Remember, elections have consequences.
A recent study released by one of the nation’s premier insurance experts has some sobering news for President Barack Obama’s health care law. In a report that could prove a big political headache for the administration, the Society of Actuaries estimated Tuesday that insurers will have to pay out an average of 32 percent more for claims on individual health policies under the Affordable Care Act, a cost likely to be passed on to consumers.
The Washington Guardian reports that while some areas will see declines in medical claims costs, the report predicts the majority of states will see double-digit increases in their individual health insurance markets, where people purchase coverage directly from insurers rather than get coverage from employers.

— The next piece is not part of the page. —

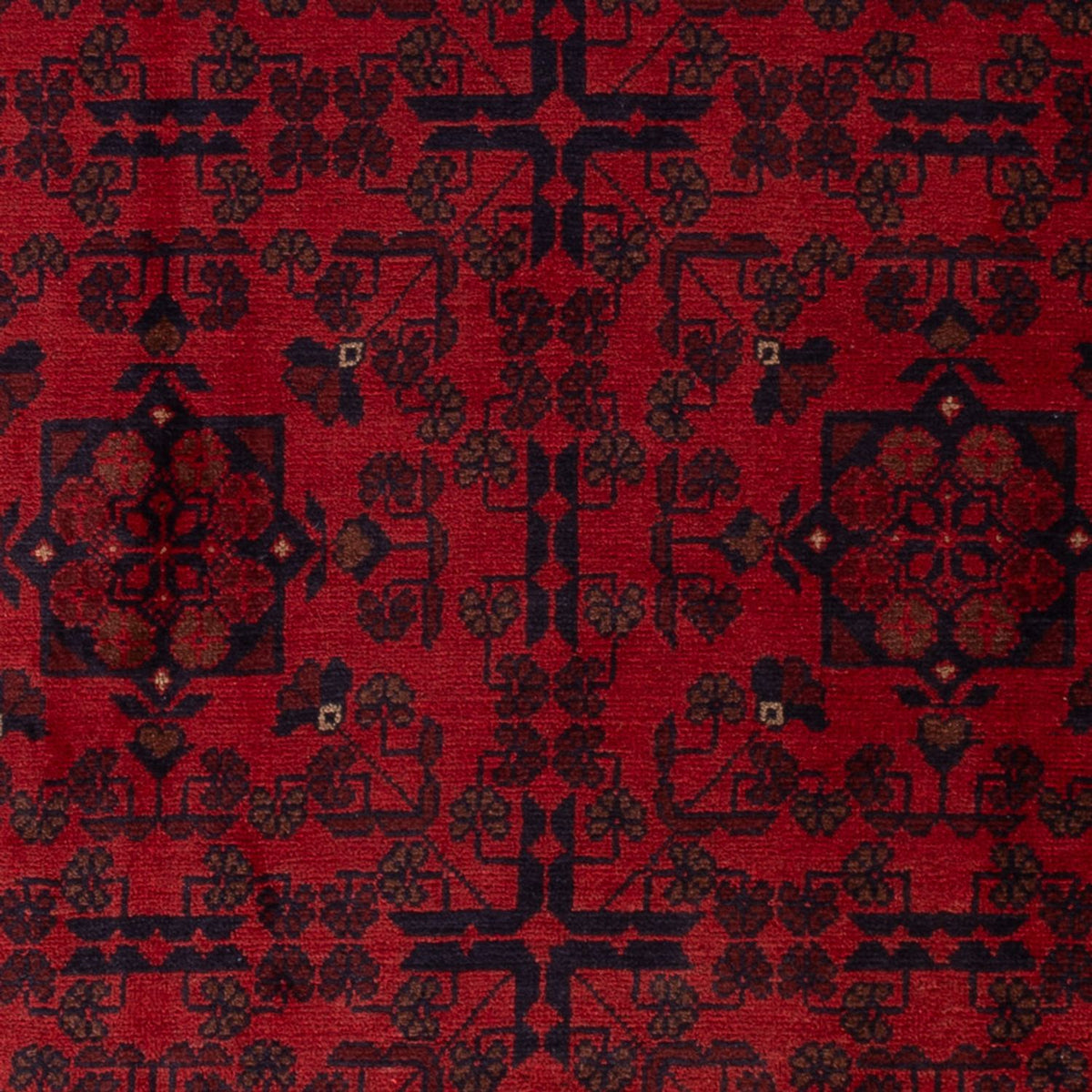 Alfombra afgana - Kunduz - 195 x 128 cm - rojo oscuro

By 2017, the estimated increase would be 62 percent for California, about 80 percent in Ohio and Wisconsin, more than 20 percent for Florida and 67 percent for Maryland. Much of the reason for the higher claims costs is that sicker people are expected to join the pool, the report said.

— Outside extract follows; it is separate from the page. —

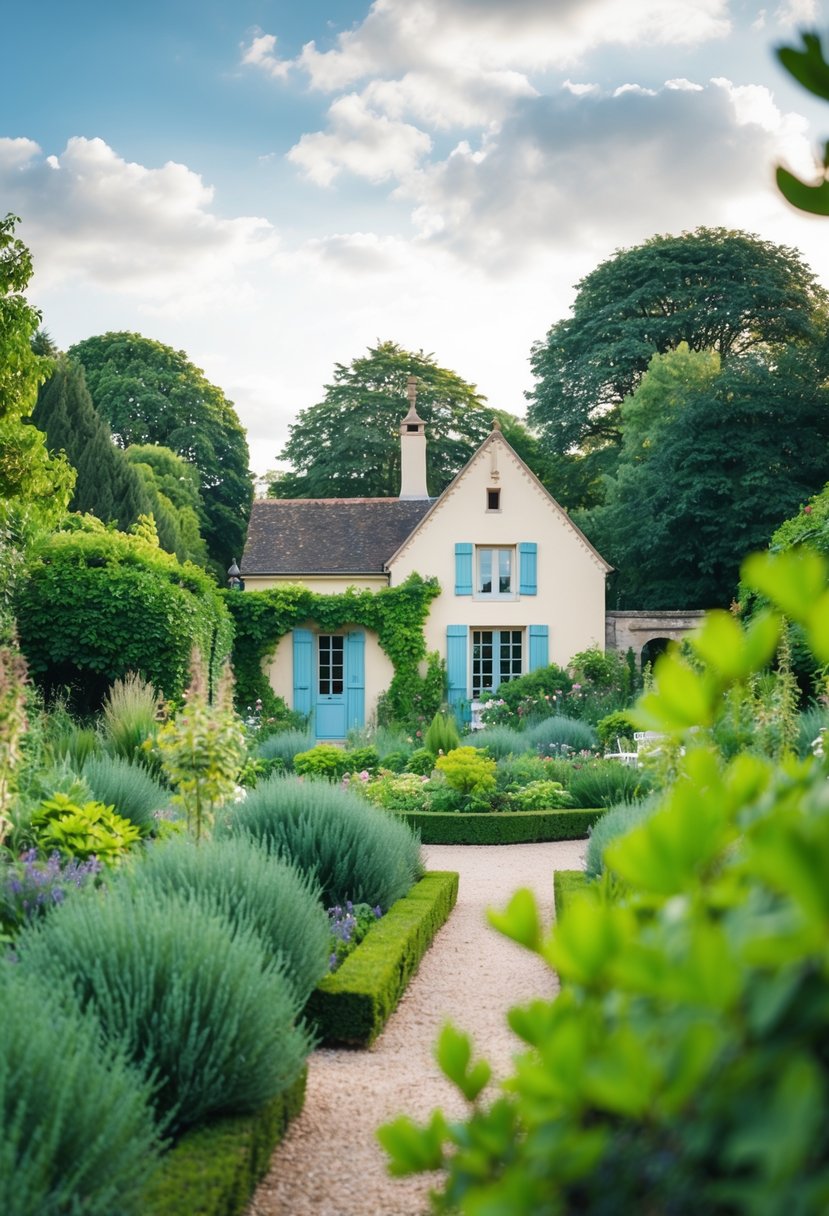 A charming French provincial garden with a quaint summer house nestled among 37 lush green gardens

On the plus side, the report found the law will cover more than 32 million currently uninsured Americans when fully phased in. And some states — including New York and Massachusetts — will see double-digit declines in costs for claims in the individual market.

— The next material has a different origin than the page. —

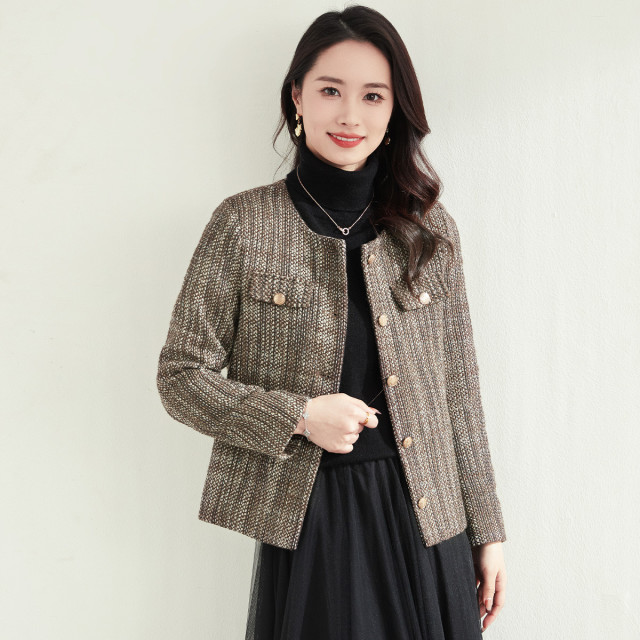 11351884.罗蒙女士小香风西服棉混纺优雅复古简约百搭时尚有型格子外套女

Uncertainty over costs has been a major issue since the law passed three years ago, and remains so just months before a big push to cover the uninsured gets rolling Oct. 1. Middle-class households will be able to purchase subsidized private insurance in new marketplaces, while low-income people will be steered to Medicaid and other safety net programs. States are free to accept or reject a Medicaid expansion also offered under the law.
Obama has promised that the new law will bring costs down. That seems a stretch now. While the nation has been enjoying a lull in health care inflation the past few years, even some former administration advisers say a new round of cost-curbing legislation will be needed.
The AP summarizes the response from the White House:
The administration questions the design of the study, saying it focused only on one piece of the puzzle and ignored cost relief strategies in the law such as tax credits to help people afford premiums and special payments to insurers who attract an outsize share of the sick. The study also doesn’t take into account the potential price-cutting effect of competition in new state insurance markets that will go live on Oct. 1, administration officials said.
At a White House briefing on Tuesday, Health and Human Services Secretary Kathleen Sebelius said some of what passes for health insurance today is so skimpy it can’t be compared to the comprehensive coverage available under the law. “Some of these folks have very high catastrophic plans that don’t pay for anything unless you get hit by a bus,” she said. “They’re really mortgage protection, not health insurance.”
Kristi Bohn, an actuary who worked on the study, acknowledged it did not attempt to estimate the effect of subsidies, insurer competition and other factors that could mitigate cost increases. She said the goal was to look at the underlying cost of medical care.
“Claims cost is the most important driver of health care premiums,” she said.
“We don’t see ourselves as a political organization,” Bohn added. “We are trying to figure out what the situation at hand is.”